WHAT YOU ARE ASKED TO DO: Character for character, transcribe the entries below, minus the images.

DATA EXTRACTS:
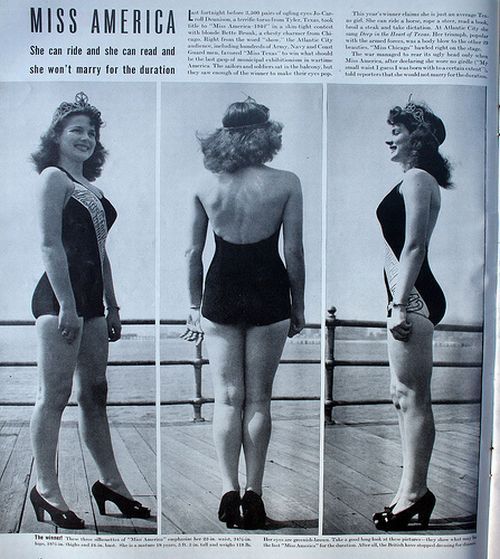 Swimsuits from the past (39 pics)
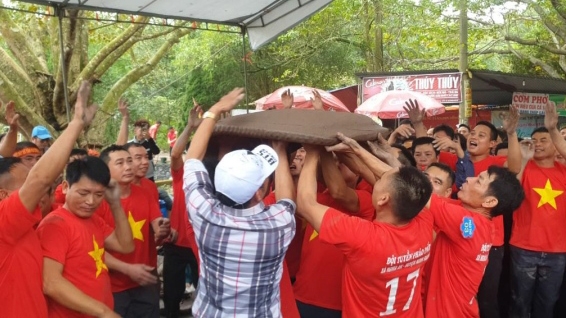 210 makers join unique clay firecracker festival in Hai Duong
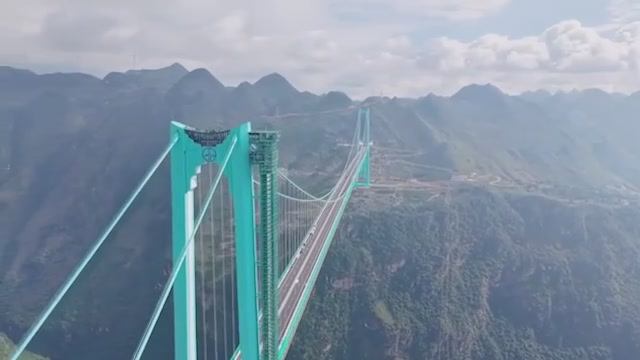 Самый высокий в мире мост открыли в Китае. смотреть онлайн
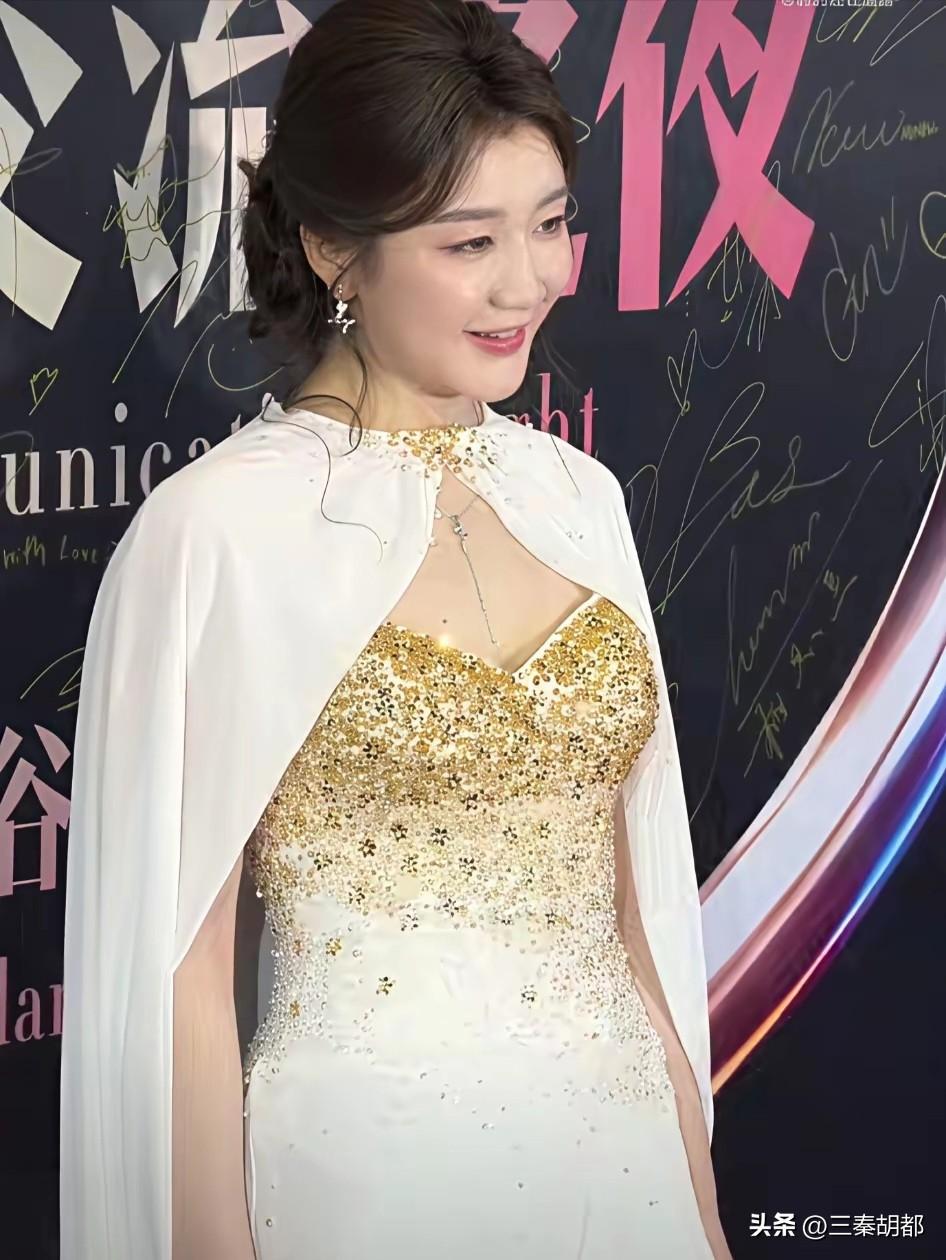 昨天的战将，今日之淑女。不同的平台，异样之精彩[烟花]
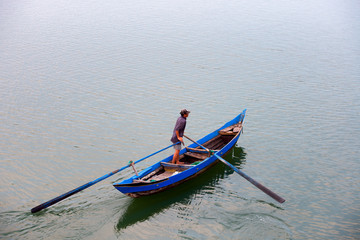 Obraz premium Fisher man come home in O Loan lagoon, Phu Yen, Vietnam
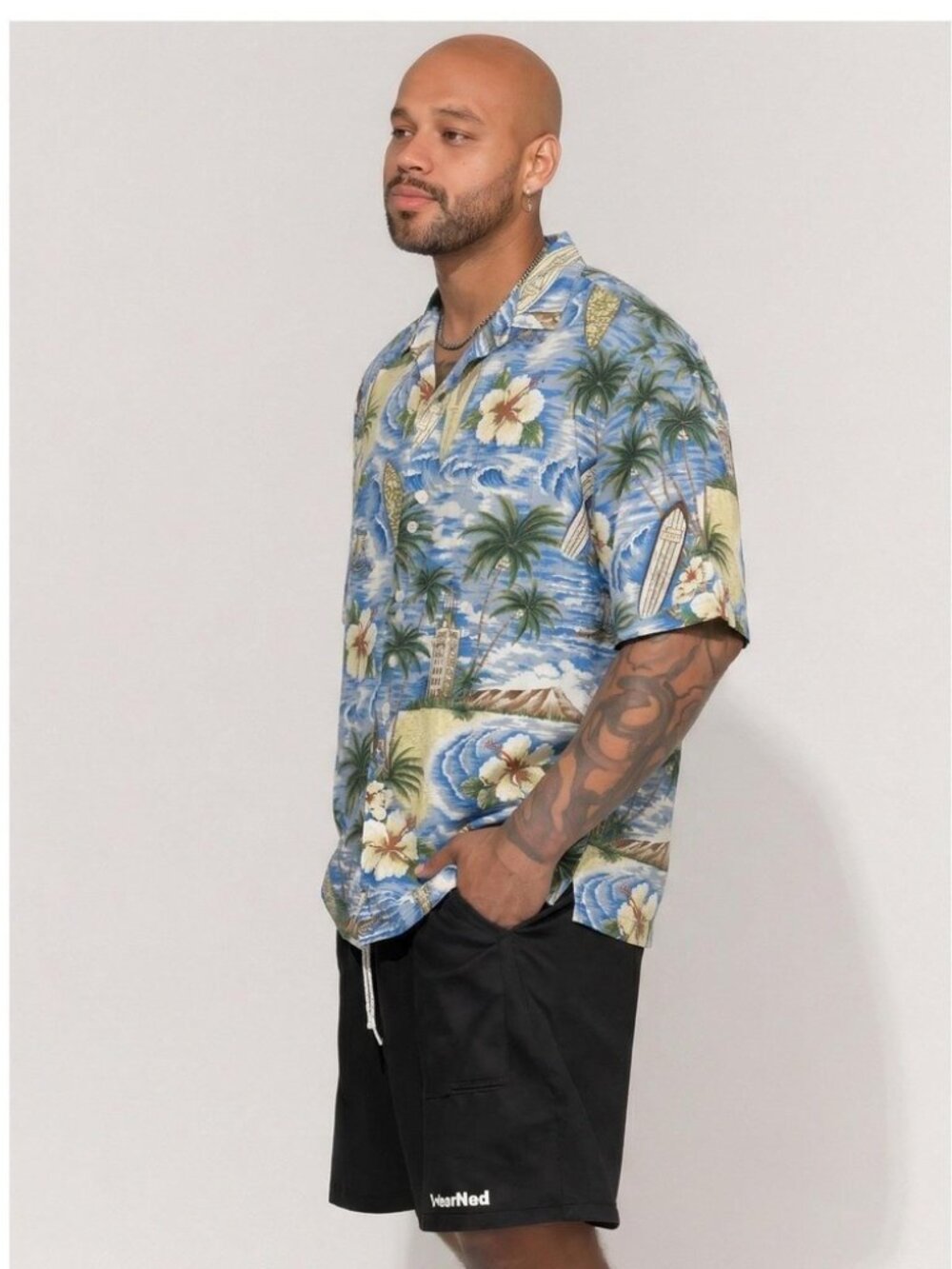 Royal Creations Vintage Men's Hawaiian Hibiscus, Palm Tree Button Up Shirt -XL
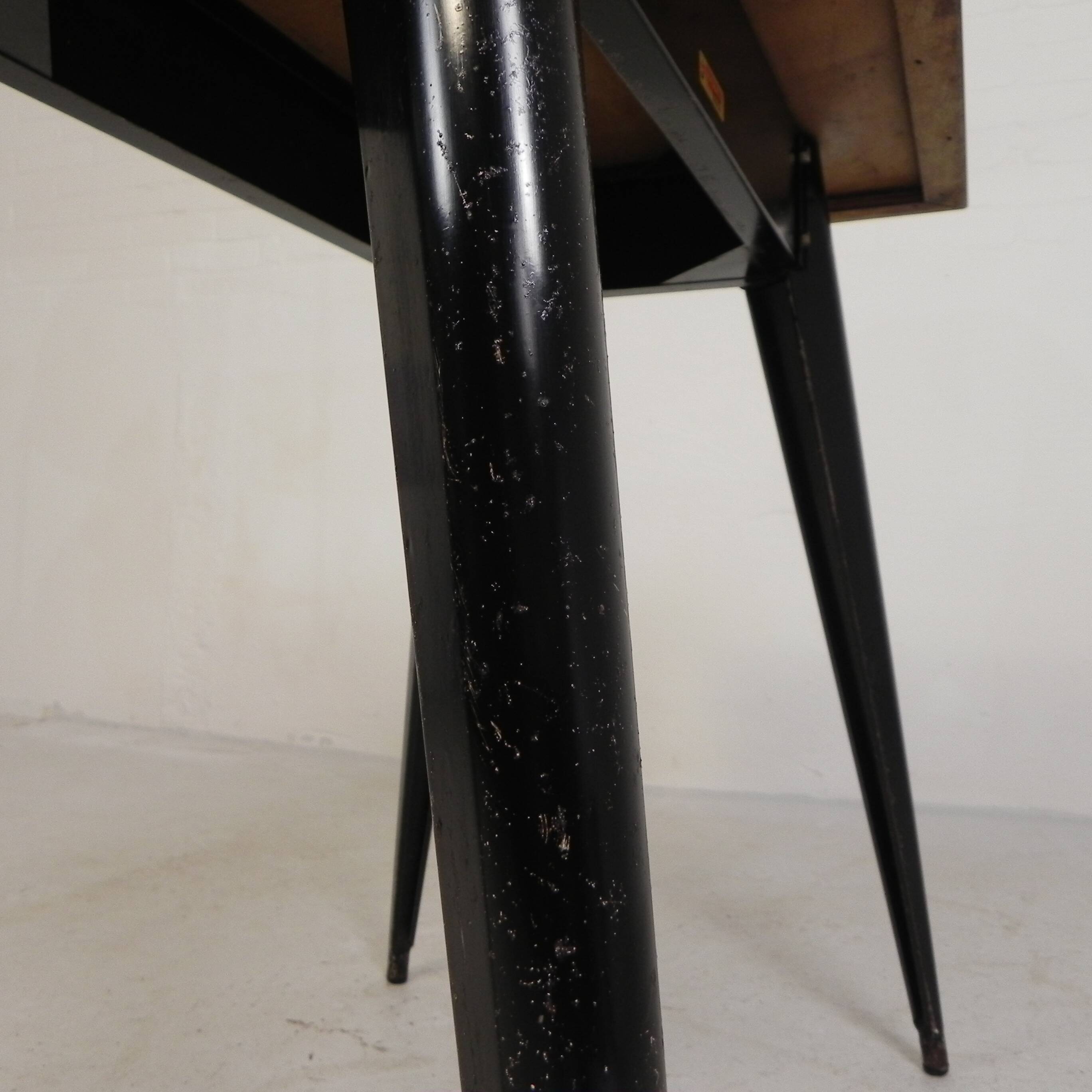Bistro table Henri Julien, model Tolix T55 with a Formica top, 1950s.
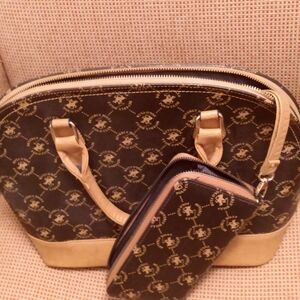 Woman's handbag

YOUR SOLUTION:
 Swimsuits from the past (39 pics)
 210 makers join unique clay firecracker festival in Hai Duong
 Самый высокий в мире мост открыли в Китае. смотреть онлайн
 昨天的战将，今日之淑女。不同的平台，异样之精彩[烟花]
 Obraz premium Fisher man come home in O Loan lagoon, Phu Yen, Vietnam
 Royal Creations Vintage Men's Hawaiian Hibiscus, Palm Tree Button Up Shirt -XL
Bistro table Henri Julien, model Tolix T55 with a Formica top, 1950s.
 Woman's handbag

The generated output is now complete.